Kürtler DAİŞ ile savaşarak tüm dünyaya seslerini duyuran direniş ve özgürlük destanı yazdı. Büyük bedeller verip, tüm dünyayı başlattıkları özgürlük türküsüne kattı. Suriye toprakları her ulustan insanın emeğiyle, teriyle ve kanıyla yeniden yeşertilirken, Baas rejimi tüm sessizliğiyle dinledi, izledi. Ve bu dönemlerde Baas rejimi küçülerek neredeyse yok olma düzeyine geldi. Kürtlerin bu devrim yılları boyunca Suriye halklarının varlığı, güvenliği ve özgürlüğü için direndiği, savaştığı, bedel verdiği ve zaferler kazandığı dünya insanlığının bildiği, tanıklık ettiği bir gerçek.

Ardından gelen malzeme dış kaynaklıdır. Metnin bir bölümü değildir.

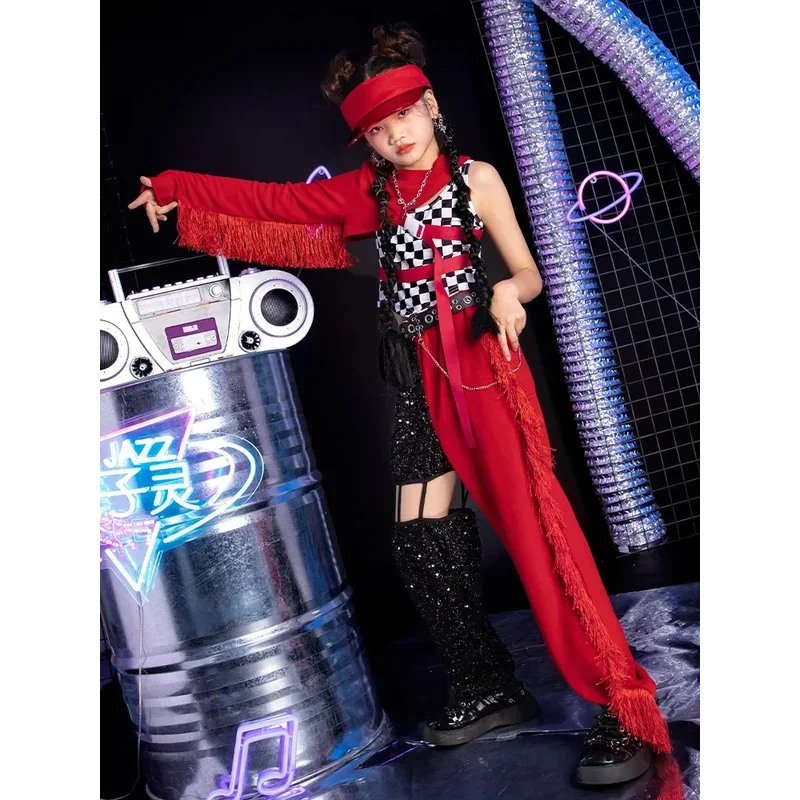 QQ 123 مجموعة شارع رائعة وسيم للأطفال فستان بناتي عصري لرقص الجاز الهيب هوب للأطفال Aut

Ancak bu gerçek Baas rejiminin kabulleneceği bir gerçek olamadı henüz. Çünkü Baas rejimi, kendini milliyetçi Arap hegemonik anlayıştan kurtarmış değil. Bundan dolayı da Kuzey-Doğu Suriye özerk yönetimiyle görüşmeler başlatılarak demokratikleşmenin adımlarını atması gerekirken, Baas rejimi tüm dünyanın kabul ettiği direnişi yürüten Kürtleri inkar ederek eski moduna geri döneceği yanılgısını yaşıyor. Baas rejimine göre Rojavalı Kürt yok, Suriye sınırları içinde yaşayanlar misafir. Bu nasıl bir misafirlikse, ev sahibi kendi dilini öğretmiş tüm misafirlere!

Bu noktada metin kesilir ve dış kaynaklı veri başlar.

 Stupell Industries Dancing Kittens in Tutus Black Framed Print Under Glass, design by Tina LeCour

Misafire zor uygulamış, işkence etmiş, misafiri inkar etmiş, zorla dilini ve kültürünü öğretmiş, canı istediğinde de vurup öldürmüş. Meğer Bakur'da karların üzerinde kart kurt diye sesler çıkararak yürüyenler, oradaki uzun kışlarda üşümüşler, göçmen kuşlar gibi Güney'e inmeye karar vermişler. Gide gide Suriye devleti kurulduktan sonra Güney'e gitmişler ve Suriye’nin Kuzeyi'ne misafir olmuşlar. Ne hikmetse ondan önce kar-kış onları üşütmüyormuş. Bir de misafirliğe gitmişken, ev sahiplerinin dilini, kültürünü öğrenelim ne olur ne olmaz demeden başlarında sopayla onlara dayatılanı kabul etmişler.

REJİM KÜRTLERE SALDIRMAKTAN VAZGEÇMELİDİR

Hikayeyi ve ironiyi uzatmaya gerek yok. Bu ucuz milliyetçi söylemler Baas rejiminin kaybettiklerini ikiye katlıyor. Ne yazık ki, kazanımın savaşmak kadar demkoratikleşmekle mümkün olduğunu bilmemek, Baas rejiminin sonunu getirecek gibi görünüyor. Zor bela dış güçlerin desteğiyle ayakta durmak bir yana, içteki toplumsal zenginliğe, büyüklüğü dayanmamak, bunu esas almamak bu rejimin zihniyet olarak bitişini getirecek. Baas rejimi inkarcı, Kürdü yok sayan, Türk faşist rejimine özenen tavır, tutum ve uygulamalarından vazgeçmelidir. Tam da bu beklenirken Qamişlo’da rejim güçleri özerk yönetime bağlı asayiş üyelerine saldırdı.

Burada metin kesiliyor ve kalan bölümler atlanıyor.